May 13, 2005--New rules go into effect June 1 in the southern states asking businesses to combat identity theft and fraud under the Federal Trade Commission's rules and procedures. Other states have a September deadline.
These new rules applies to companies who obtain customer information from a consumer report and requires them to destroy that information by means of shredding, burning, "smashing or wiping" when discarding it.
The new rules are an amendment to the Fair and Accurate Credit Transactions Act (FACT Act). Senate and House committees recently discussed the burgeoning problem of identity theft and how to enforce bi-partisan drafted legislation like the FACT Act.
Passed in 2003, the FACT Act, an amendment to the FCRA (Fair Credit Reporting Act) entitles consumers to free annual credit reports from three major credit bureaus. It also creates a national fraud alert system to make it easy for consumers to detect and report fraudulent activities on their accounts.

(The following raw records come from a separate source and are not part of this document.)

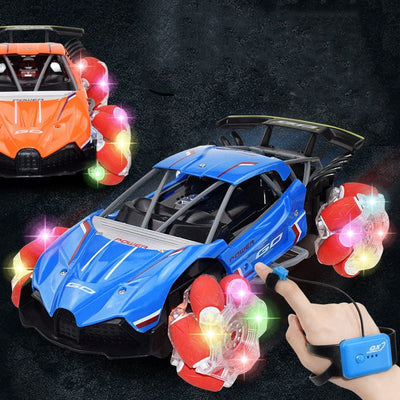Climbing Speed Rotating Four - Wheel Drive Stunt Drift Gesture Remote Control Car - Zambeel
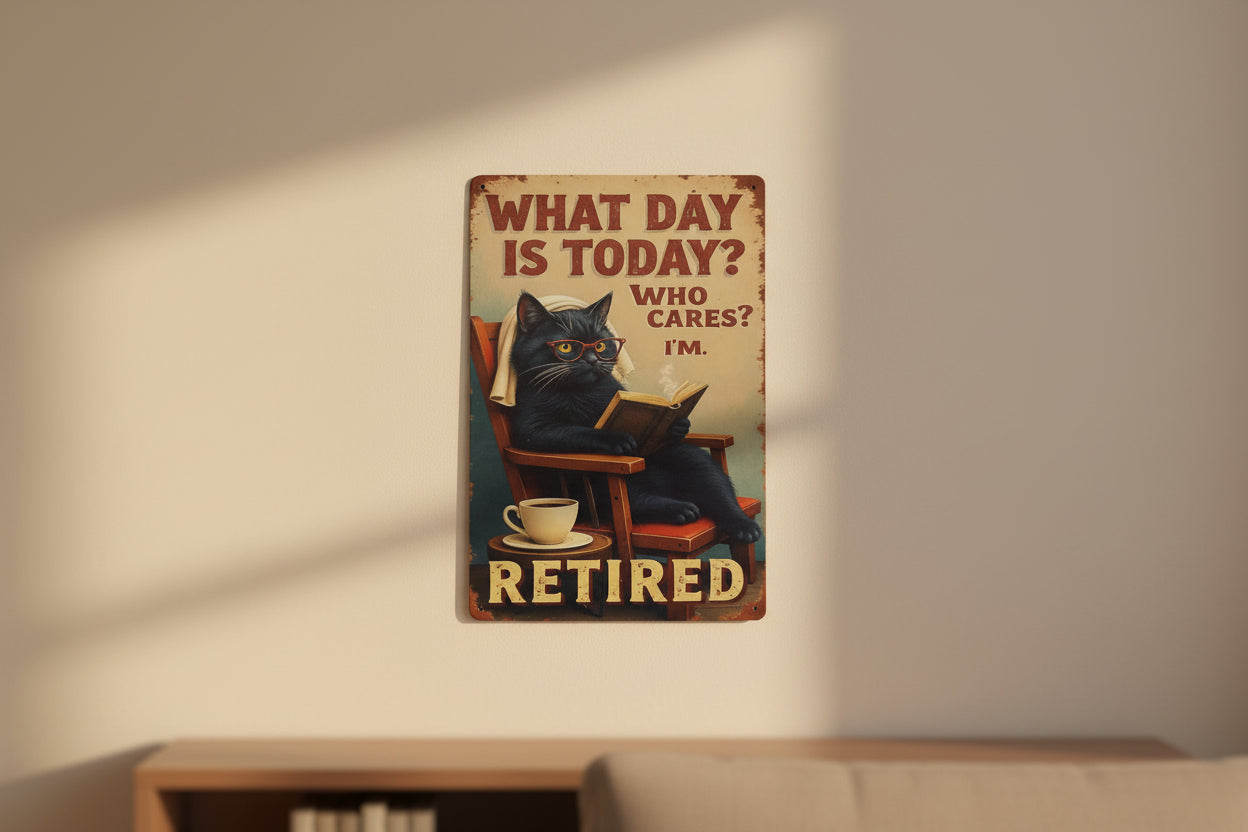 Κρεμαστή μεταλλική πινακίδα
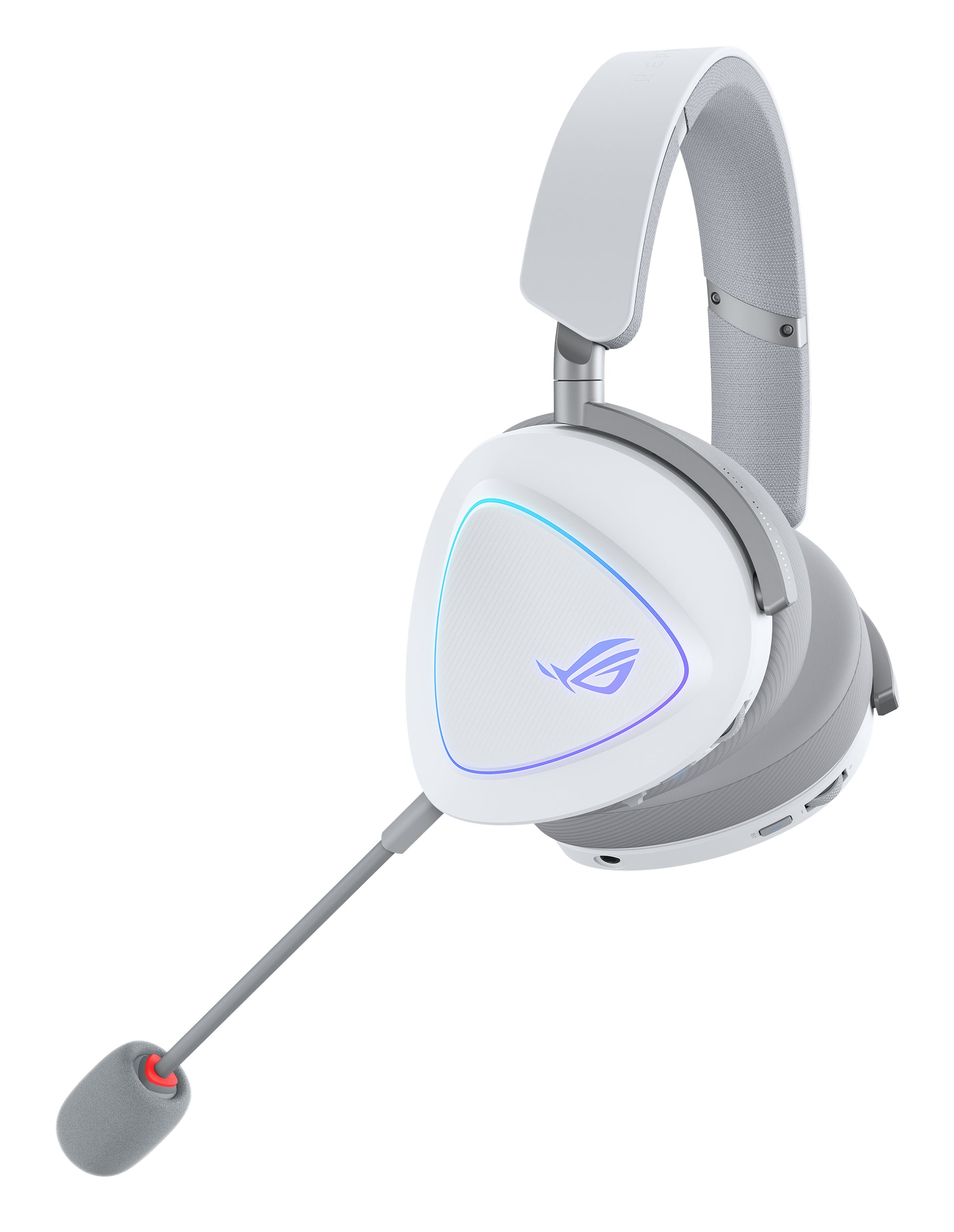 ASUS ROG Delta II WHT – Over-Ear Gaming-Headset – Bluetooth, 3,5 mm, mit Mikrofon – Weiss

According to a survey conducted by market research firm Harris Interactive in conjunction with Office Depot, 97 percent of employed U.S. adults don't know what businesses need to do to comply with the FACT Act.
The Federal Trade Commission currently holds business owners (who may be ID theft and fraud victims themselves) responsible for the following:
The FACT Act is set up to protect not just customers but also businesses who may find themselves victim to sophisticated criminals.
In February, ChoicePoint, an Atlanta-based data broker, revealed that it had possibly sold information about 145,000 people to criminals posing illegally as businesses; and Lexis-Nexis, another data broker, notified 30,000 U.S. consumers that their personal information was likely accessed by criminals. The Federal Trade Commission has estimated that 10 million Americans fall victim to identity theft every year, costing consumers and businesses more than $55 billion.